▶ PROBLEM DETAILS
Repeat the entire listing below exactly.

^^^^

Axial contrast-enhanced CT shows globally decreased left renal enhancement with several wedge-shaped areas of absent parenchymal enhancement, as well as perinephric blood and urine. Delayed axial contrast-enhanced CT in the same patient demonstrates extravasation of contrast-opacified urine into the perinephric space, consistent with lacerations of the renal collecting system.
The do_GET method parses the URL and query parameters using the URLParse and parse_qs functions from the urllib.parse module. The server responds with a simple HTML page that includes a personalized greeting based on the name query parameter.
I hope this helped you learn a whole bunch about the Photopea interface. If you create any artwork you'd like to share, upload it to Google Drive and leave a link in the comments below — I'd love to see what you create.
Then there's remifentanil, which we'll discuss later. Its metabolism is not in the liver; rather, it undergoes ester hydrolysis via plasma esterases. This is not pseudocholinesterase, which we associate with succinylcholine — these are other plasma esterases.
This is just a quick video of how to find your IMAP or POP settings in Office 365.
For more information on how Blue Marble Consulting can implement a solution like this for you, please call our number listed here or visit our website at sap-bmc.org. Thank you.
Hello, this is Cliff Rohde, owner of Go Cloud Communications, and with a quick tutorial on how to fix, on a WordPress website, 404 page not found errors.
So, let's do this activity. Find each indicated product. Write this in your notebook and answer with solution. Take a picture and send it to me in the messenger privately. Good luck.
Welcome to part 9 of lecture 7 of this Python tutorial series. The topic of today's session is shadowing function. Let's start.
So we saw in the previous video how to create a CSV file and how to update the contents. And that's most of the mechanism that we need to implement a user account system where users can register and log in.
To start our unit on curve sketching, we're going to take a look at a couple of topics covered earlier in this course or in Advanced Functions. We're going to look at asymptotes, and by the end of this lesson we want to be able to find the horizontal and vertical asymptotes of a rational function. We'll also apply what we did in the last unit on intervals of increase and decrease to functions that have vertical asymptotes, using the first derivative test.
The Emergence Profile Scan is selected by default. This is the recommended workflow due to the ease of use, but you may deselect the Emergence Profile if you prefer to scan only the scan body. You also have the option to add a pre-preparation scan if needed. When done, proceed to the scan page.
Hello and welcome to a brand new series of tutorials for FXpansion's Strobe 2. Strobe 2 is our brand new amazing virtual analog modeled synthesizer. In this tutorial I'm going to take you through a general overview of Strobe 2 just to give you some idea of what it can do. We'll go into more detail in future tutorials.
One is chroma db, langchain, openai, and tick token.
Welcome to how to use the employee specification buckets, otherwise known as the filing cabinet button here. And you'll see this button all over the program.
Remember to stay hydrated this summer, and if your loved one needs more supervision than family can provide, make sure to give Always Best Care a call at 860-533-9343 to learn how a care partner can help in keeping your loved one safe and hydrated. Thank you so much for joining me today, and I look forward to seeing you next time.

^^^^

▶ THE COMPLETED TASK
Axial contrast-enhanced CT shows globally decreased left renal enhancement with several wedge-shaped areas of absent parenchymal enhancement, as well as perinephric blood and urine. Delayed axial contrast-enhanced CT in the same patient demonstrates extravasation of contrast-opacified urine into the perinephric space, consistent with lacerations of the renal collecting system.
The do_GET method parses the URL and query parameters using the URLParse and parse_qs functions from the urllib.parse module. The server responds with a simple HTML page that includes a personalized greeting based on the name query parameter.
I hope this helped you learn a whole bunch about the Photopea interface. If you create any artwork you'd like to share, upload it to Google Drive and leave a link in the comments below — I'd love to see what you create.
Then there's remifentanil, which we'll discuss later. Its metabolism is not in the liver; rather, it undergoes ester hydrolysis via plasma esterases. This is not pseudocholinesterase, which we associate with succinylcholine — these are other plasma esterases.
This is just a quick video of how to find your IMAP or POP settings in Office 365.
For more information on how Blue Marble Consulting can implement a solution like this for you, please call our number listed here or visit our website at sap-bmc.org. Thank you.
Hello, this is Cliff Rohde, owner of Go Cloud Communications, and with a quick tutorial on how to fix, on a WordPress website, 404 page not found errors.
So, let's do this activity. Find each indicated product. Write this in your notebook and answer with solution. Take a picture and send it to me in the messenger privately. Good luck.
Welcome to part 9 of lecture 7 of this Python tutorial series. The topic of today's session is shadowing function. Let's start.
So we saw in the previous video how to create a CSV file and how to update the contents. And that's most of the mechanism that we need to implement a user account system where users can register and log in.
To start our unit on curve sketching, we're going to take a look at a couple of topics covered earlier in this course or in Advanced Functions. We're going to look at asymptotes, and by the end of this lesson we want to be able to find the horizontal and vertical asymptotes of a rational function. We'll also apply what we did in the last unit on intervals of increase and decrease to functions that have vertical asymptotes, using the first derivative test.
The Emergence Profile Scan is selected by default. This is the recommended workflow due to the ease of use, but you may deselect the Emergence Profile if you prefer to scan only the scan body. You also have the option to add a pre-preparation scan if needed. When done, proceed to the scan page.
Hello and welcome to a brand new series of tutorials for FXpansion's Strobe 2. Strobe 2 is our brand new amazing virtual analog modeled synthesizer. In this tutorial I'm going to take you through a general overview of Strobe 2 just to give you some idea of what it can do. We'll go into more detail in future tutorials.
One is chroma db, langchain, openai, and tick token.
Welcome to how to use the employee specification buckets, otherwise known as the filing cabinet button here. And you'll see this button all over the program.
Remember to stay hydrated this summer, and if your loved one needs more supervision than family can provide, make sure to give Always Best Care a call at 860-533-9343 to learn how a care partner can help in keeping your loved one safe and hydrated. Thank you so much for joining me today, and I look forward to seeing you next time.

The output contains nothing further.